There are other ways in which I find the Stoic school attractive. Since national and ethnic affiliation seems to me to be a mere passion, Stoic “cosmopolitanism” makes a lot of sense to me. I have also written on my enjoyment of “paradoxes”, which I share with the school. And I am more inclined than average to take seriously such libertarian theses as, “a coerced man is deprived of the opportunity to act morally”,[3] and, “incitement is not a real crime”, which I believe come from a fundamentally Stoic understanding of morality.

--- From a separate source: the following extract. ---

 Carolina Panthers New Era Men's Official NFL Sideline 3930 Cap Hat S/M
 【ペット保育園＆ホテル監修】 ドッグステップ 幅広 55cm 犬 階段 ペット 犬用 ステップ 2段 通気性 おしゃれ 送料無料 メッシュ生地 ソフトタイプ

Also, I just tend to find the Stoics themselves very enjoyable to read. I have read Seneca’s Letters, and they are awesome; so are Epictetus’s Discourses, insofar as I have read them – only some sections, admittedly. Marcus Aurelius’s Meditations are also alright, though they seem overrated nowadays.
Notes
[1] In the beginning of this blog post, I speak of passions in the broad sense, including all bodily movements of which we are aware, and therefore including also the senses, as I did in my old blog post. After quoting Thomas Aquinas, who spoke of them in the narrow sense, I follow that usage. It is only in the narrow sense, of course, that passions can cause actions, at any rate – but even in the broad sense, they can affect judgments.
[2] This saying is said by various Christian writers in relation to the literal Devil, and demons in general. See, for instance, Athanasius’s Life of St. Anthony, §25–26 and §33; the second section of this discourse by John Chrysostom; and Erasmus’s Paraphrase on Mark regarding Mark 1:25 – a footnote to this edition of which attributes similar sayings to the Greek fathers Theophylact, Lyra, and Euthymius.

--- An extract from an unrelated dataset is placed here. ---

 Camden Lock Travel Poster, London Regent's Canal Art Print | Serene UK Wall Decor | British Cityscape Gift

[3] I have given an answer to this thesis, to some extent, in my post on virtue. It was defended by various authors, and I believe it to be the core premise of the fundamental argument for liberalism – as I had said, rather obliquely, in my old post about my political opinion.
While that old post still shows many similarities with my current opinions on a broad level, I have elected to retract it. It is worth noting, though, that in that post, I had said that “I delight in how unintuitive my opinions are” – much as the SEP, in its article about Stoicism, which I had not read at the time, said that “it seems clear that some Stoics took a kind of perverse joy in advocating views which seem so at odds with common sense”. My similarities of personality with the Stoic school run deep, and so it is no wonder that another of my old posts, which is also retracted, was written about what I saw as an Epicurean kind of personality – and which I think I had thought of as opposed to my own, much as the Epicurean school was opposed to the Stoic.
I do not, any longer, find much delight in speaking “paradoxically,” by the way. Back then, I did it mostly so that my opinions would catch people’s attentions, and I could start conversations with them. But not only did that not work very well – since it turns out, disappointingly, that you can often “get away with” saying a lot, and people often only take exception to what you don’t expect them to –, I am also no longer interested in starting conversations with most people. I suppose it is fitting that, while I was new to philosophy, I was eager to argue with everyone, much like Socrates; and I am glad that I did this, since such arguments, when I had them, were often delightful, and a genuine help to my growth as a person and the development of my thoughts. Your mileage may vary, of course.